Task instructions: The answer is to be an exact copy of the lines below running from the line with "Noah jhonsonn online" down to the line with "Audi A4L, 2017 21", both ends included, and nothing more.

Supplied records:
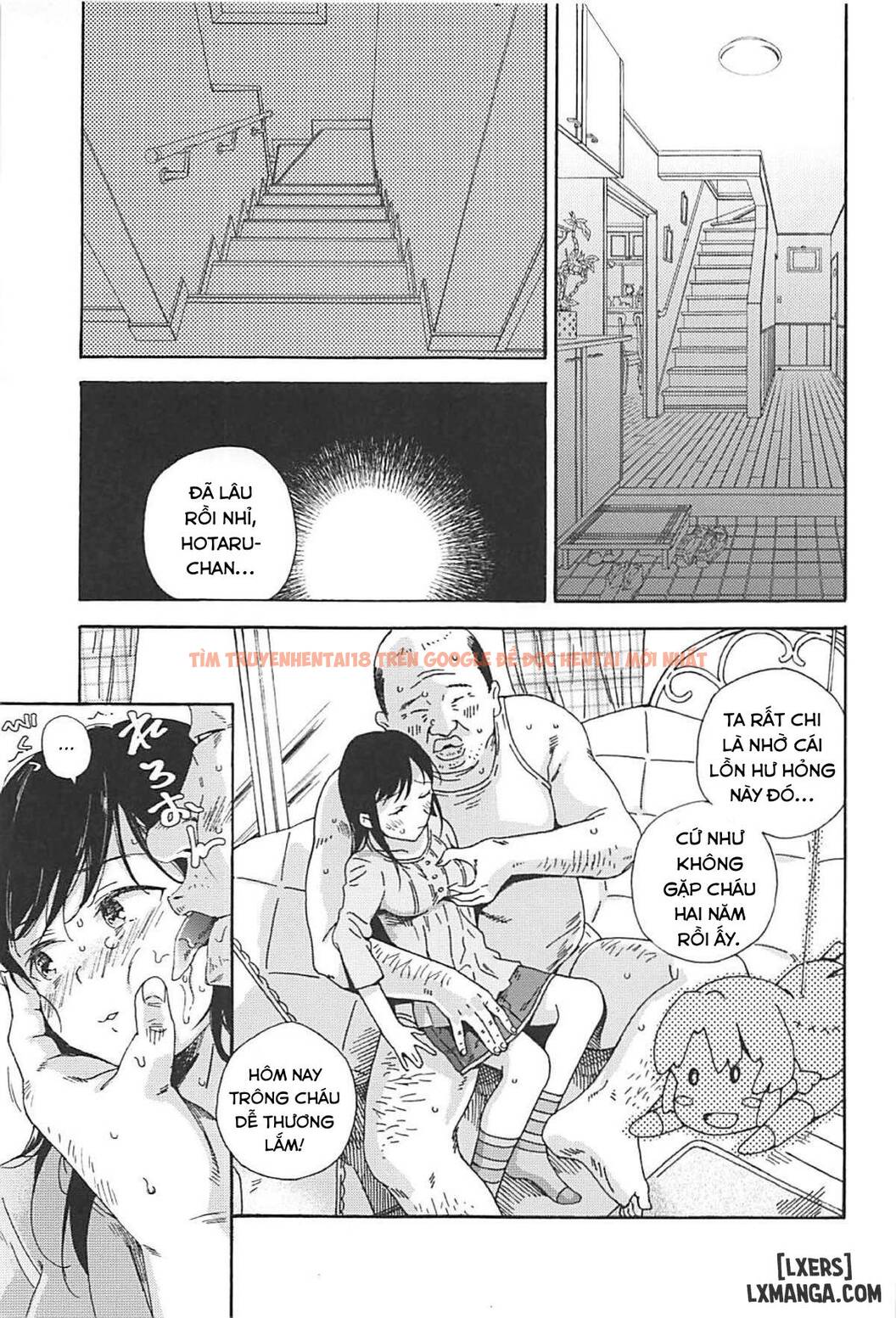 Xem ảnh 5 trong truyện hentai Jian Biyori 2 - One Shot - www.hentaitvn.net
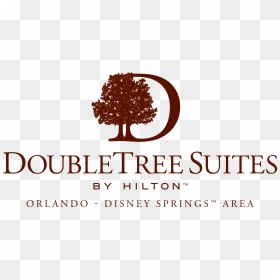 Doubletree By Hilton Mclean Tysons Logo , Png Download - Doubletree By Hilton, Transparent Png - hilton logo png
...
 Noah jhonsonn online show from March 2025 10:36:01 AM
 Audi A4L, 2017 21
...
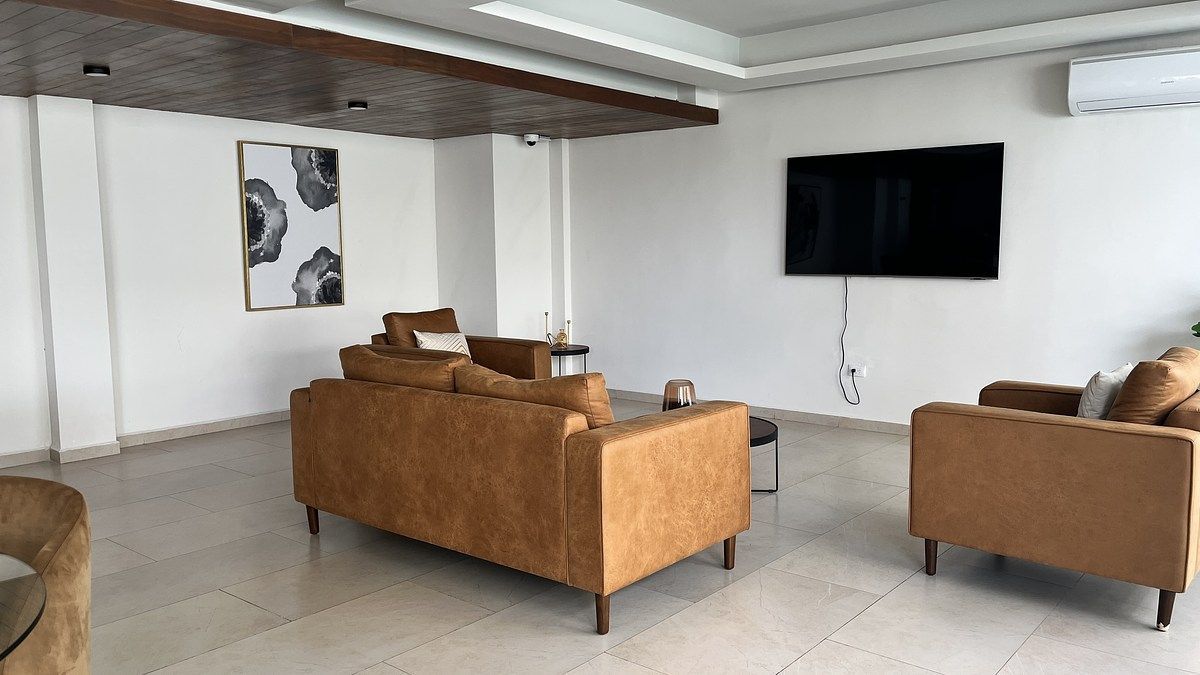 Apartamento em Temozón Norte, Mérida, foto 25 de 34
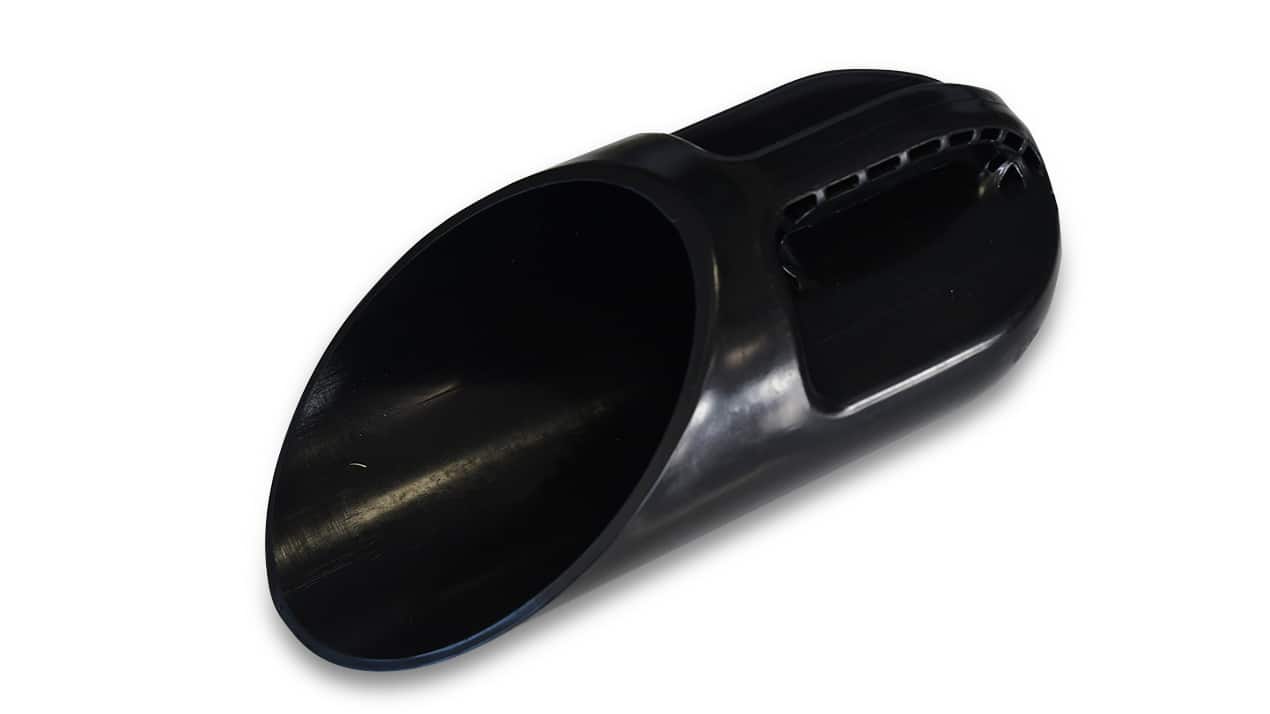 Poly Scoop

Response for this exercise:
 Noah jhonsonn online show from March 2025 10:36:01 AM
 Audi A4L, 2017 21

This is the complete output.